◆ **Work to complete**
Write the entries out again exactly as they stand, but without the pictures.

[Start of Attachment]

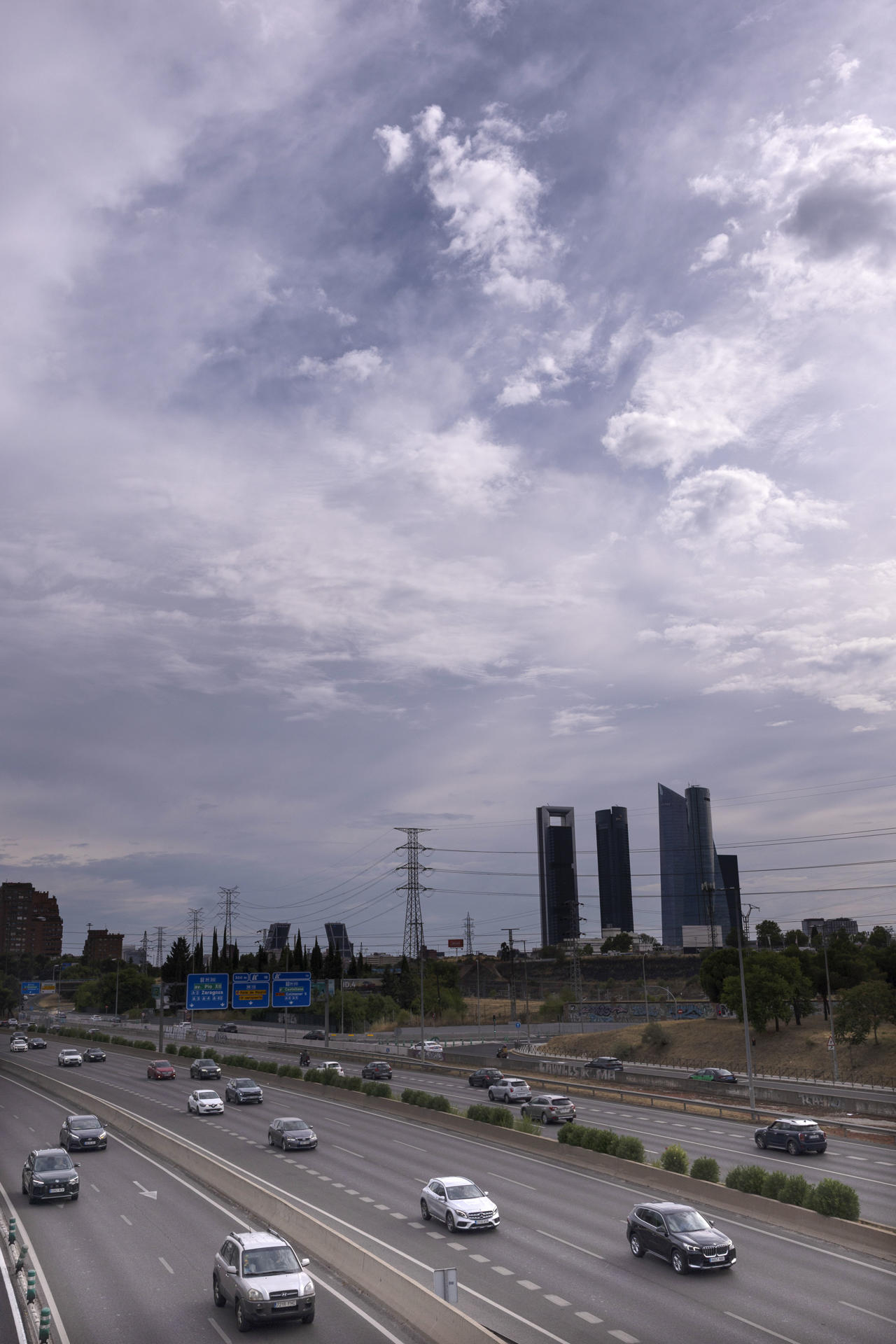 Tráfico en la zona norte de Madrid este miércoles. España atraviesa estos días un inusual episodio fresco para esta época canicular, el periodo más cálido del verano, por la llegada de vientos del norte y noroeste que dejan temperaturas -diurnas como nocturnas- entre 5 y 10 grados por debajo de lo normal. EFE/Chema Moya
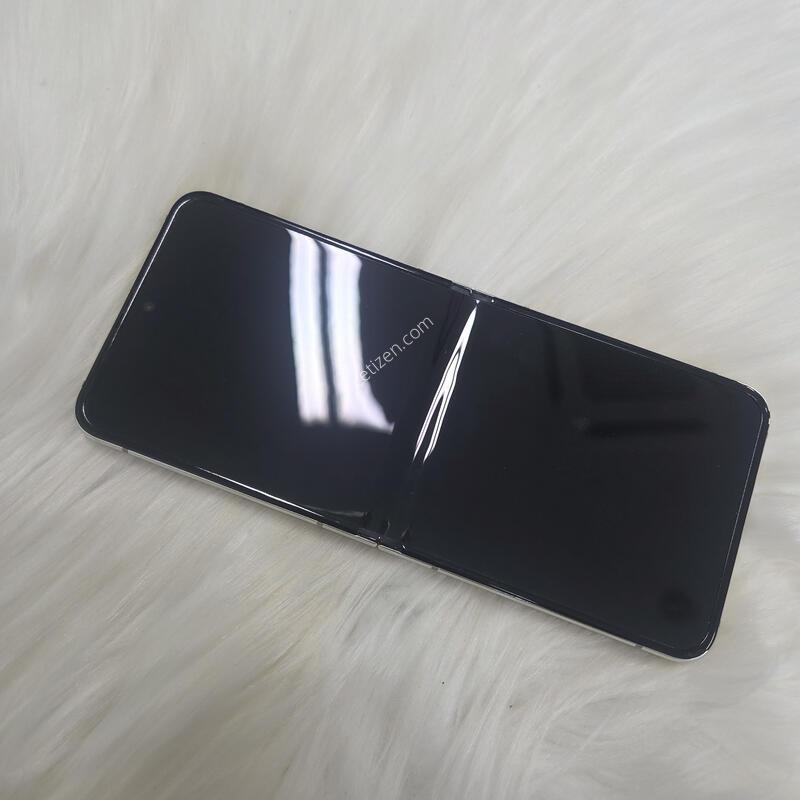 Z�ø�5 828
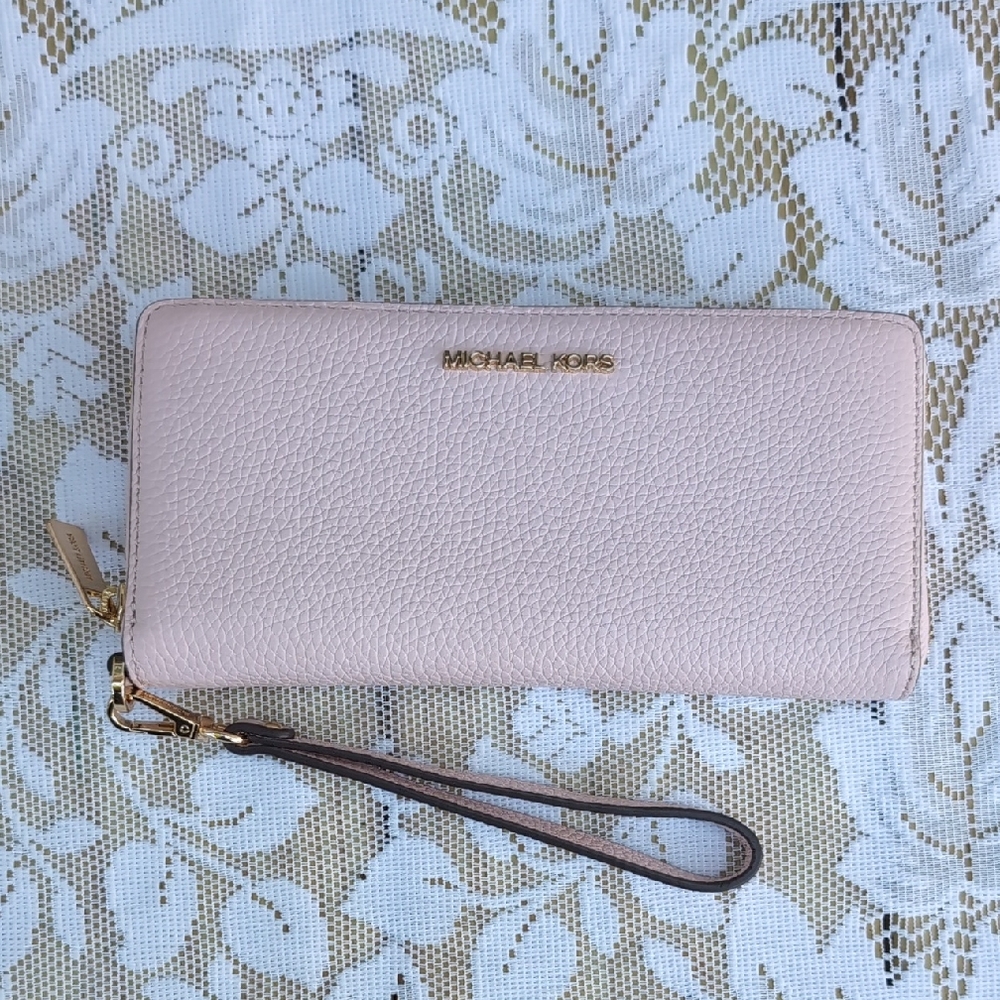 Michael Kors Jet Set Wristlet Wallet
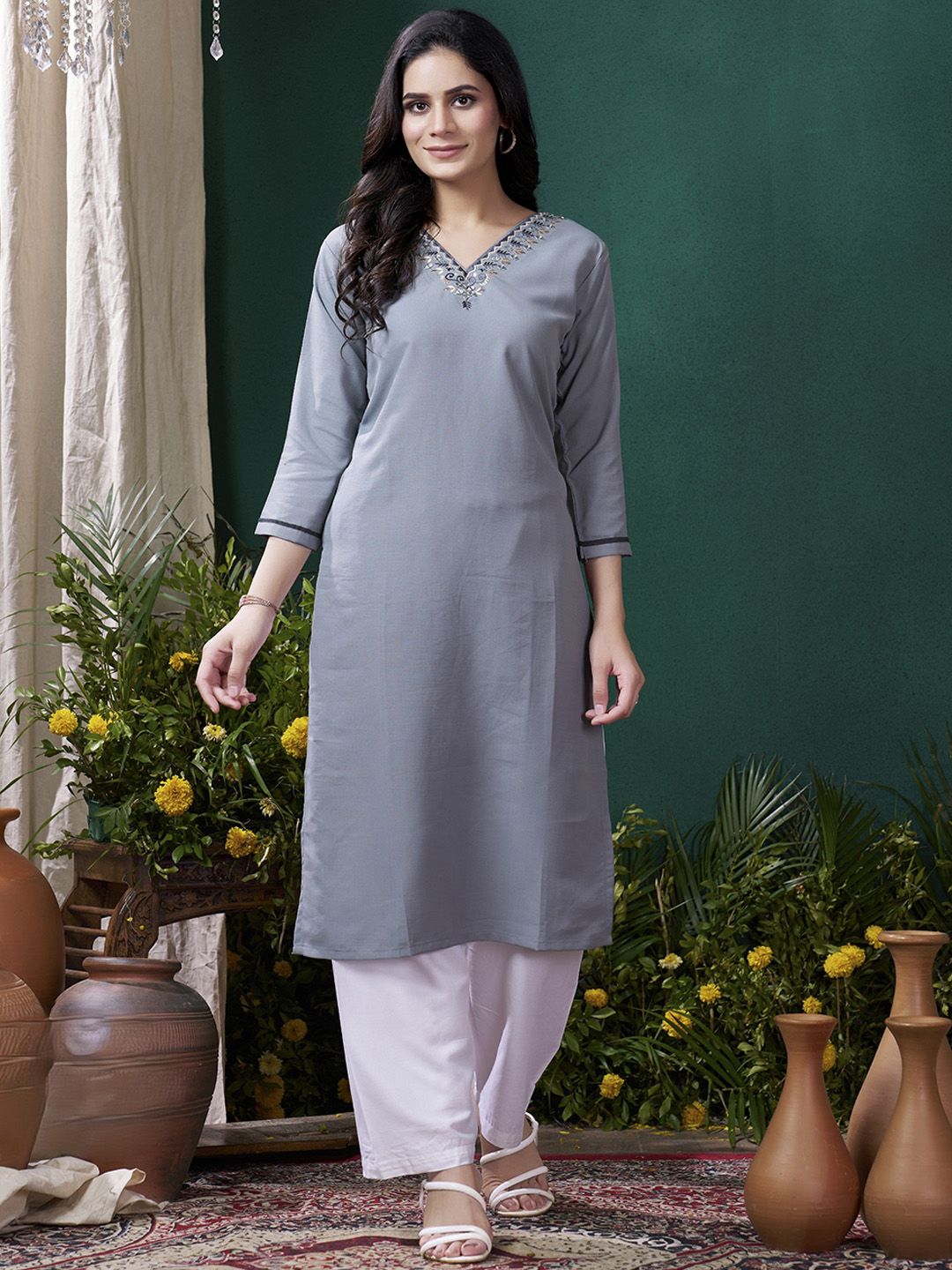 DIVASTRI Women Solid Cotton Kurta with Trousers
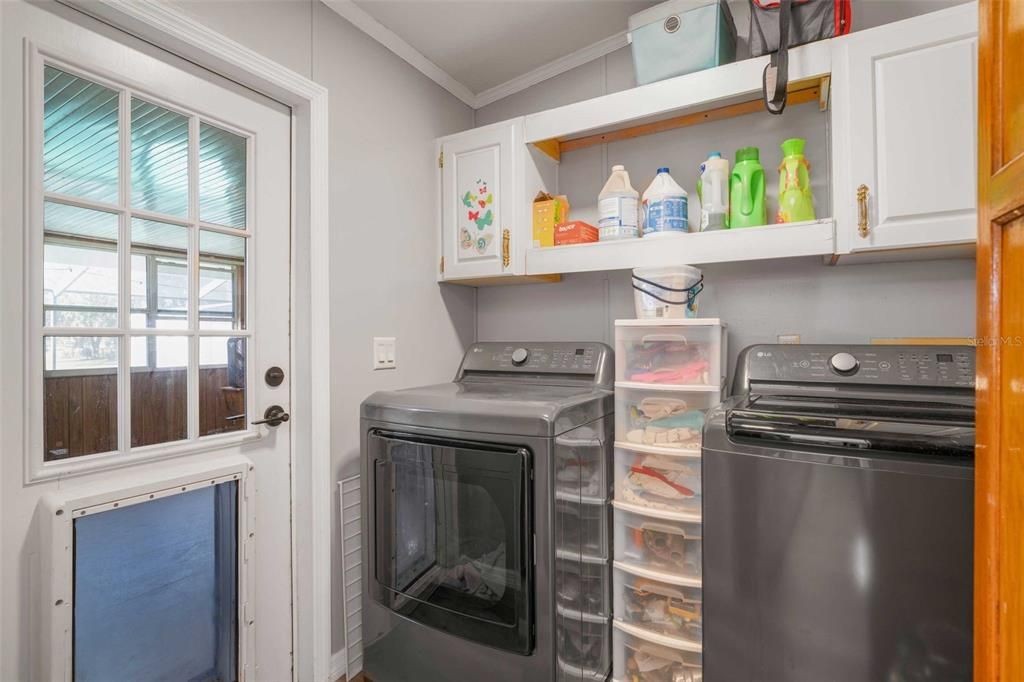 For Sale: $350,000 (3 beds, 2 baths, 1960 Square Feet)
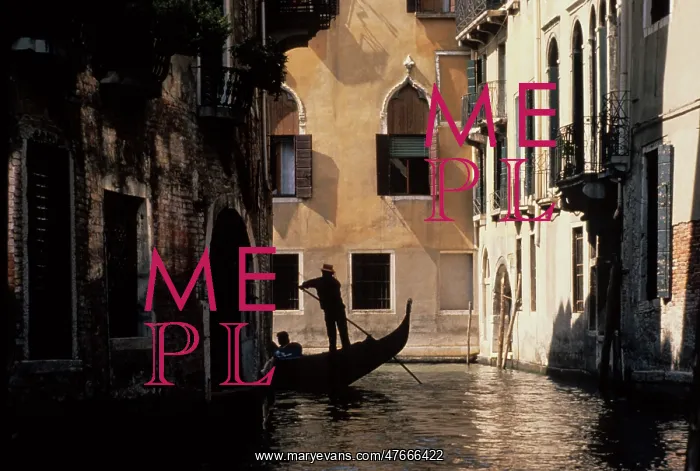 : Gondola in the Venice canals : Gondola in the Venice canals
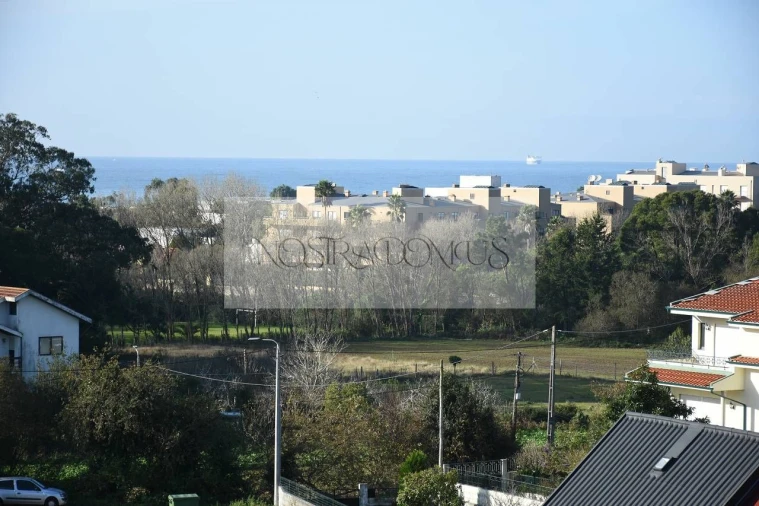 Moradia T4 para Venda em Madalena Foto 28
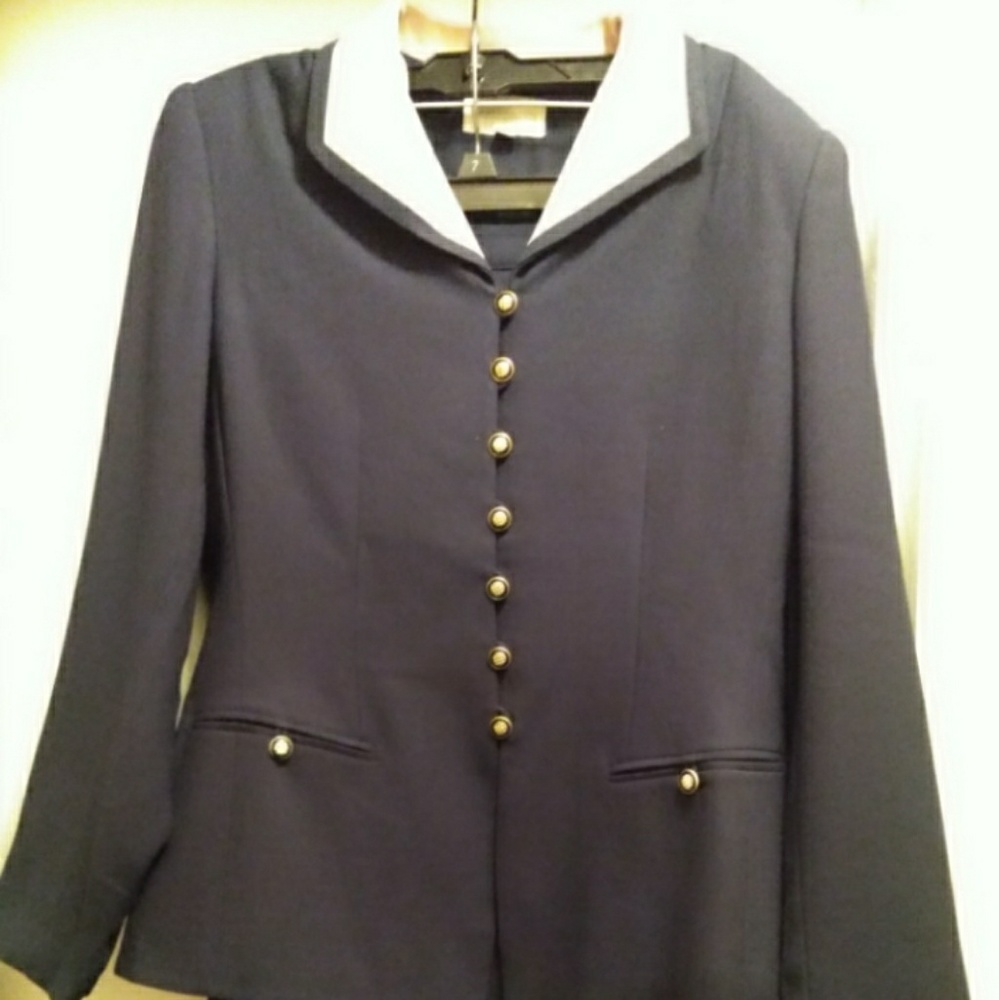 Ladies 2 piece suit [Preston & York]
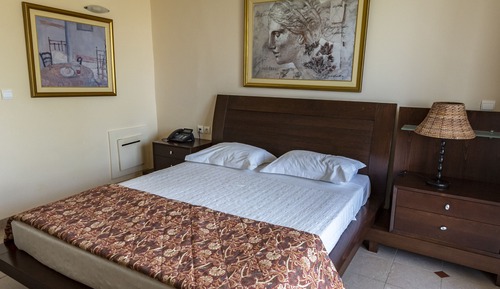Habitación con 1 cama doble o 2 individuales, vistas a la montaña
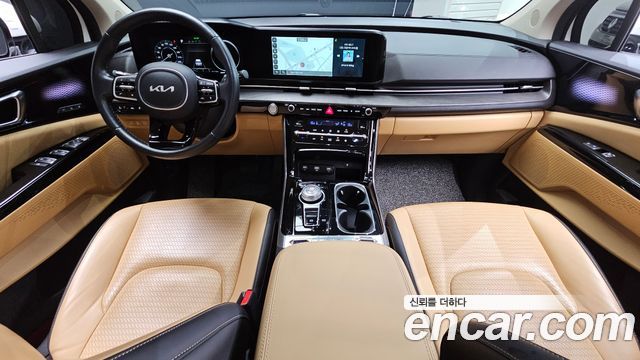 Kia Carnival — interior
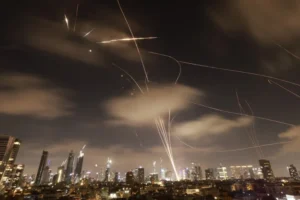 Equipe da CNN Turca é presa após filmar mísseis em Israel; vídeo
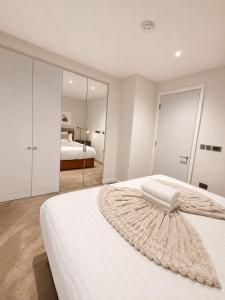 Modern 1 Bed apartment with Balcony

[End of Attachment]

◆ **Task result**
 Tráfico en la zona norte de Madrid este miércoles. España atraviesa estos días un inusual episodio fresco para esta época canicular, el periodo más cálido del verano, por la llegada de vientos del norte y noroeste que dejan temperaturas -diurnas como nocturnas- entre 5 y 10 grados por debajo de lo normal. EFE/Chema Moya
 Z�ø�5 828
 Michael Kors Jet Set Wristlet Wallet
 DIVASTRI Women Solid Cotton Kurta with Trousers
 For Sale: $350,000 (3 beds, 2 baths, 1960 Square Feet)
 : Gondola in the Venice canals : Gondola in the Venice canals
 Moradia T4 para Venda em Madalena Foto 28
 Ladies 2 piece suit [Preston & York]
Habitación con 1 cama doble o 2 individuales, vistas a la montaña
 Kia Carnival — interior
 Equipe da CNN Turca é presa após filmar mísseis em Israel; vídeo
 Modern 1 Bed apartment with Balcony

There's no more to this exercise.